Output, exactly as written, the lines below from the one that has "Imagen de Pequeño Objeto" through the one that has "Forest Superior Villa"; nothing else, and no pictures.

* [AVAILABLE DATA]
-------------------------

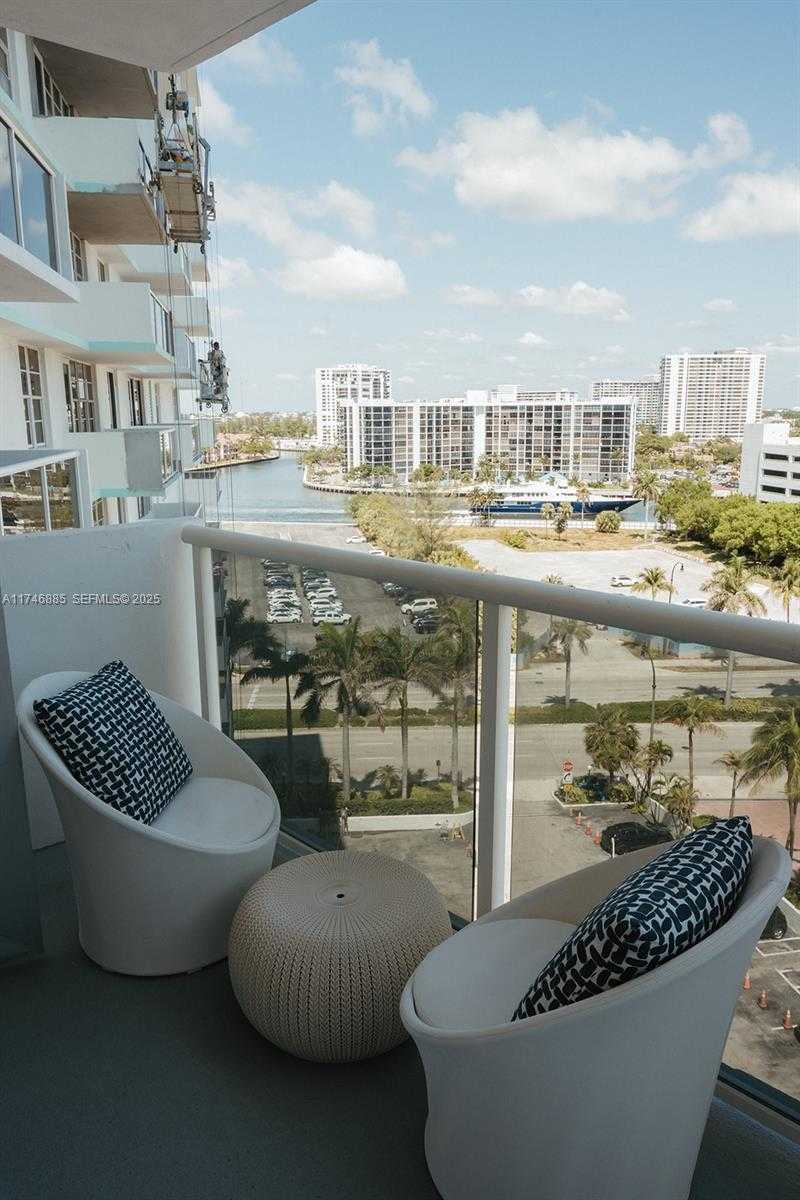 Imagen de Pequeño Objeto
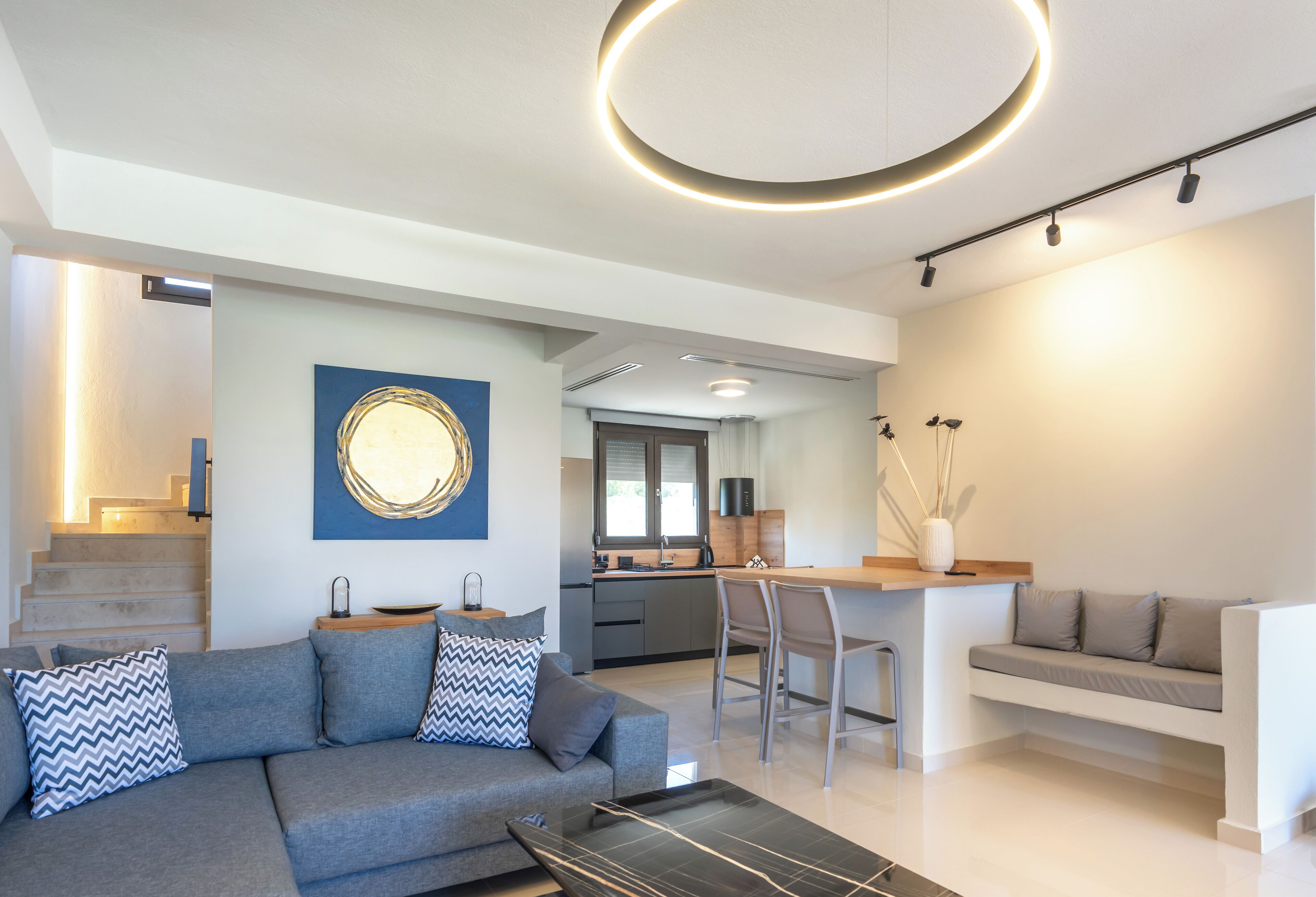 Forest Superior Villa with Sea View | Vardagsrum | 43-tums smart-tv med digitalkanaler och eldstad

-------------------------

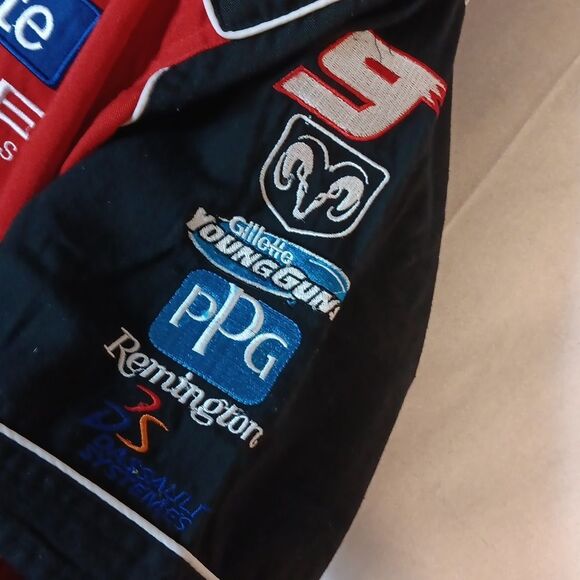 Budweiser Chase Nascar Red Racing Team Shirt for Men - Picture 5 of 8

-------------------------

* [RESPONSE BELOW]
 Imagen de Pequeño Objeto
 Forest Superior Villa with Sea View | Vardagsrum | 43-tums smart-tv med digitalkanaler och eldstad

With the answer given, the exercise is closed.